Tuesday, November 30, 2010

More on TSA scanners and patdowns

One popular response to people worried about the scanners is to say "Come on, you're not that hot, no one's going to save your picture. No one wants to look at you naked anyway."

Leaving aside everything else wrong with this -- come on, haven't you seen enough of the internet to know better? It's just as likely -- probably more likely -- for someone to start a collection of "ugly," "fat," or "freaks" scanner images. Think People of Walmart, except naked. And most people, even people who look pretty normal on the outside, could potentially end up looking really weird on the scanner.

Another popular line is to say "Why are you so ashamed of your body? It's just a body. Why should you be so embarrassed if someone else sees it?"

Privacy is not the same thing as shame. Being comfortable with your body doesn't mean you give away all control over it.

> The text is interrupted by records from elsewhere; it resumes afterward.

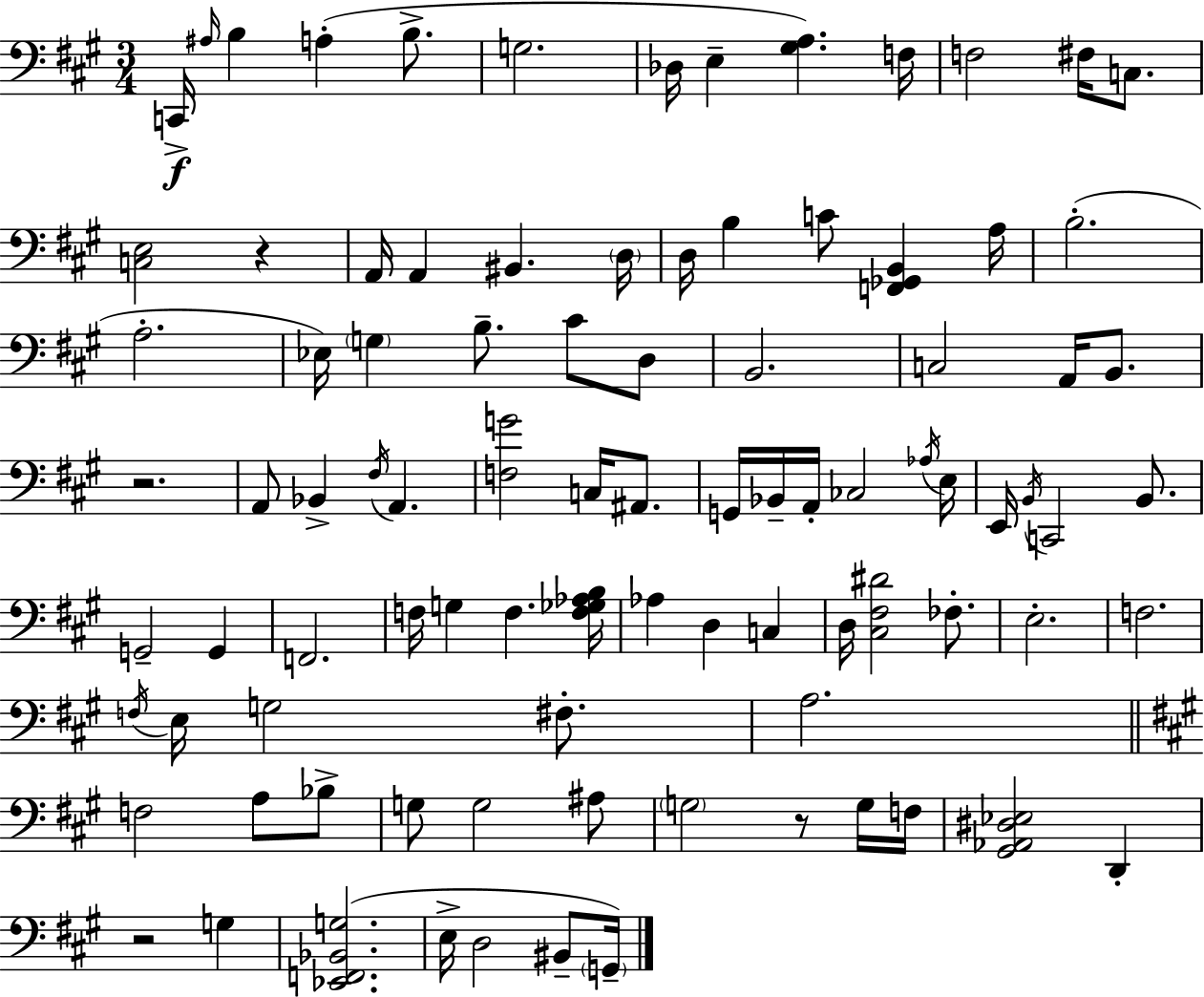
{
  \clef bass
  \numericTimeSignature
  \time 3/4
  \key a \major
  c,16->\f \grace { ais16 } b4 a4-.( b8.-> | g2. | des16 e4-- <gis a>4.) | f16 f2 fis16 c8. | \break <c e>2 r4 | a,16 a,4 bis,4. | \parenthesize d16 d16 b4 c'8 <f, ges, b,>4 | a16 b2.-.( | \break a2.-. | ees16) \parenthesize g4 b8.-- cis'8 d8 | b,2. | c2 a,16 b,8. | \break r2. | a,8 bes,4-> \acciaccatura { fis16 } a,4. | <f g'>2 c16 ais,8. | g,16 bes,16-- a,16-. ces2 | \break \acciaccatura { aes16 } e16 e,16 \acciaccatura { b,16 } c,2 | b,8. g,2-- | g,4 f,2. | f16 g4 f4. | \break <f ges aes b>16 aes4 d4 | c4 d16 <cis fis dis'>2 | fes8.-. e2.-. | f2. | \break \acciaccatura { f16 } e16 g2 | fis8.-. a2. | \bar "||" \break \key a \major f2 a8 bes8-> | g8 g2 ais8 | \parenthesize g2 r8 g16 f16 | <gis, aes, dis ees>2 d,4-. | \break r2 g4 | <ees, f, bes, g>2.( | e16-> d2 bis,8-- \parenthesize g,16--) | \bar "|."
} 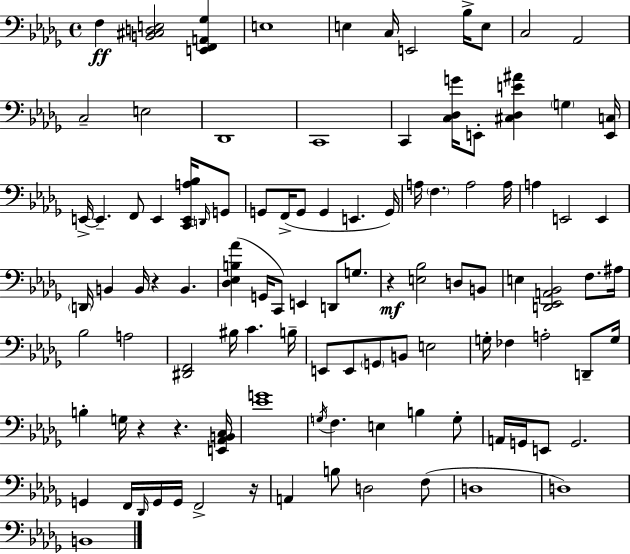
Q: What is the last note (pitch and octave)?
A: B2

In fact, having control over your own body is a huge part of being comfortable with it. If you want to let someone to see or touch your body, you can. If you don't like the way someone's going to look at you or touch you, you don't have to let them -- because it's your body.

The scanners and pat-downs take that control away. It's not about worrying whether the TSA will like your body. It's about the TSA saying that while you're at the security checkpoint, you have absolutely no say about who gets to look at your body, who gets to touch your body, or how they do those things.

The only other places this happens: when someone is arrested, and when someone is in prison. In both those cases, the primary intent may be to find weapons, but a major secondary effect is asserting control over the person -- and police and guards know that.

Also: Most people reading this will be cis. Consider for a moment people who are trans, whose private parts may look or feel significantly different than the TSO expects. Both the scanner and the pat-down will out these passengers to the TSOs. A pat-down done in public could potentially out these passengers to everyone else in line, too, depending on what the TSO says or does.

Now consider how many people become angry, abusive, even physically violent, towards someone who's outed as trans. There's more at stake than just embarrassment.